Jusqu’à présent, les plus anciens exemples connus de spermatozoïdes fossilisés dataient de 17 millions d’années, explique l’équipe de chercheurs menée par le Dr He Wang, de l’Académie chinoise des sciences, dans un article publié mercredi dans la prestigieuse revue Journal of Royal Society.
L’animal en question est un ostracode, dénommé “Myanmarcypris hui” par ces scientifiques, un crustacé existant depuis 500 millions d’années et qui est représenté aujourd’hui par des milliers d’espèces vivant dans les océans, les lacs et les rivières. Leur corps mou est protégé par une coquille calcaire de type bivalve qui ne dépasse généralement pas un millimètre.
Pendant la période du Crétacé (environ −145 à −66 millions d’années), ces ostracodes vivaient probablement dans les eaux côtières de l’actuelle Birmanie, où ils se sont retrouvés piégés dans un amas de résine d’arbre.

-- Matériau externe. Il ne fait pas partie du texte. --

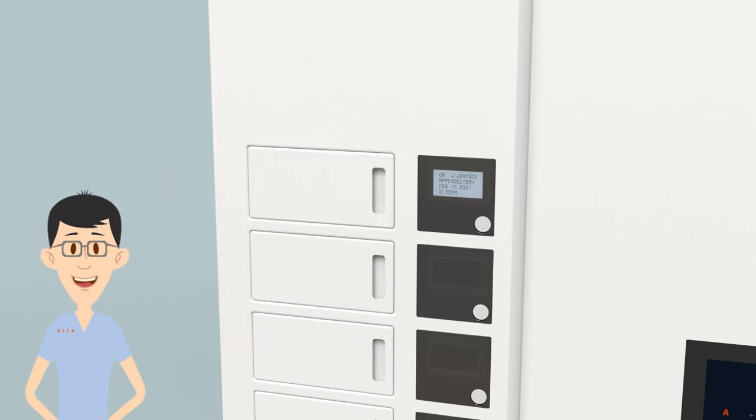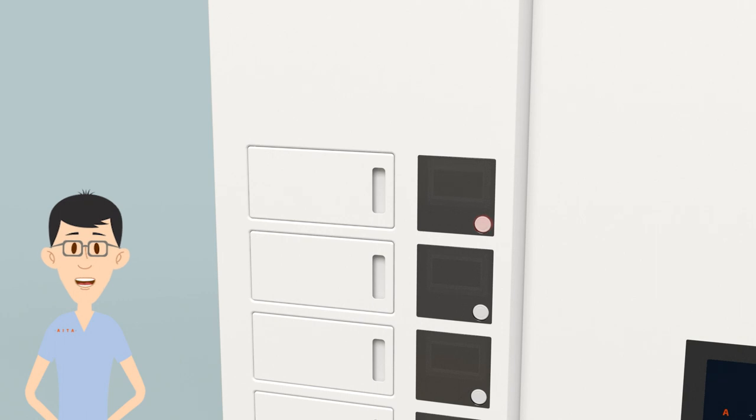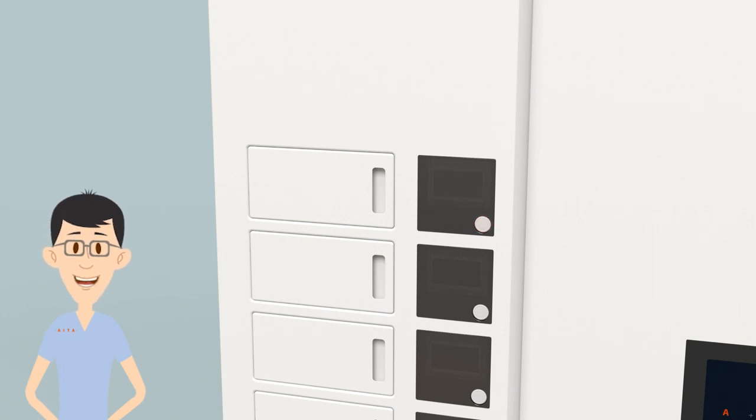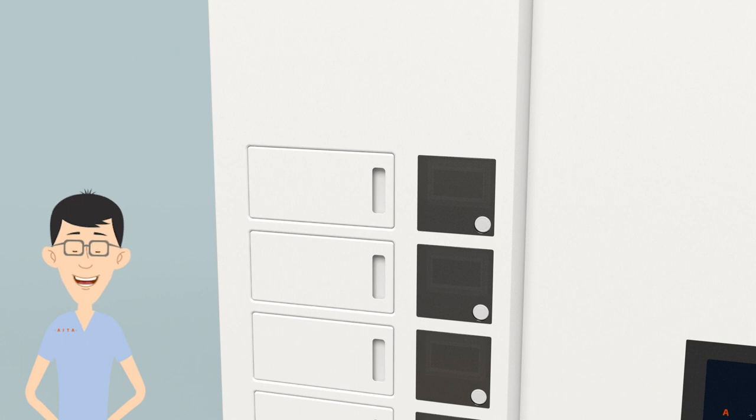Close the locker door and make sure to press the button next to your locker to confirm retrieval. The button must be pressed or else the locker will not be utilized for additional cases.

C’est là que la pièce d’ambre a été retrouvée: d’abord en possession d’un collectionneur chinois, elle a été remise en 2017 au Dr Wang pour qu’il puisse l’étudier.
Qualité plutôt que quantité
Les scientifiques ont d’abord confirmé qu’il s’agissait bien des plus anciens spermatozoïdes fossilisés recensés à ce jour. Ils ont été retrouvés dans le corps d’un spécimen femelle, ce qui indique qu’elle avait dû être fécondée peu avant d’être piégée dans l’ambre.
Une autre surprise fut la confirmation de leur hypothèse de l’existence ancestrale de “spermatozoïdes géants”, particularité de ces ostracodes, pouvant mesurer jusqu’à 4,6 fois la taille du corps du mâle géniteur.
“C’est comme si un être humain produisait un spermatozoïde d’environ 7,30 mètres, donc cela nécessite énormément d’énergie pour les fabriquer!”, explique à l’AFP Renate Matzke-Karasz, de l’Université Louis-et-Maximilien de Munich (Allemagne) et co-auteure de l’étude.
“Cette pièce nous a permis de valider nos hypothèses selon lesquelles ces spermatozoïdes géants existaient déjà depuis 100 millions d’années”, poursuit la biologiste. Jusqu’alors, ces hypothèses se basaient sur la découverte, en 2009, d’organes génitaux de grandes tailles chez ces crustacés, supposant l’existence de spermatozoïdes par conséquent démesurés.
Il s’agit ici d’une sorte d’exception dans le règne animal, dans la mesure où la plupart des mâles (y compris chez les humains) produisent généralement des dizaines de millions de spermatozoïdes minuscules mais en très grande quantité.
Or ces crustacés, tout comme certaines drosophiles, favoriseraient l’inverse: ils produisent un petit nombre de spermatozoïdes, mais de haute qualité et de taille XXL, pour augmenter leurs chances de gagner la course à la fécondation des ovules.
Plusieurs hypothèses contradictoires s’entrechoquent quant à leur utilité évolutive: chez certains animaux, “un degré élevé de compétition entre les mâles peut entraîner un allongement de la durée de vie des spermatozoïdes, tandis que (chez d’autres), un faible degré de compétition entraîne aussi un allongement de la durée de vie des spermatozoïdes”, déclare Renate Matzke-Karasz.
La chercheuse est persuadée que dans le cas de ces ostracodes, la taille des spermatozoïdes est preuve de bonne forme physique pour les mâles, un caractère “privilégié” par les femelles qui en conséquence, ou à l’origine, ont adopté des caractéristiques génitales appropriées pour accueillir ces gamètes géantes: “Il s’agit d’une co-évolution”.
“C’est assez impressionnant pour un trait qui exige un investissement aussi important de la part des mâles et des femelles, surtout si l’on considère que de nombreux ostracodes peuvent se reproduire de manière parthénogénétique, sans avoir besoin de mâles. La reproduction sexuée avec des spermatozoïdes géants doit avoir un avantage certain sur la reproduction asexuée”, avance Renate Matzke-Karasz.
Cette découverte montre “que la reproduction avec des spermatozoïdes géants n’est pas une extravagance de l’évolution en voie d’extinction, mais un avantage sérieux à long terme pour la survie d’une espèce”.
Et d’ironiser par rapport aux nombreux fossiles d’animaux bien plus grands que les ostracodes retrouvés jusqu’ici, mais dépassés par cette récente découverte: “S’il vous plaît, ne sous-estimez jamais les petits”.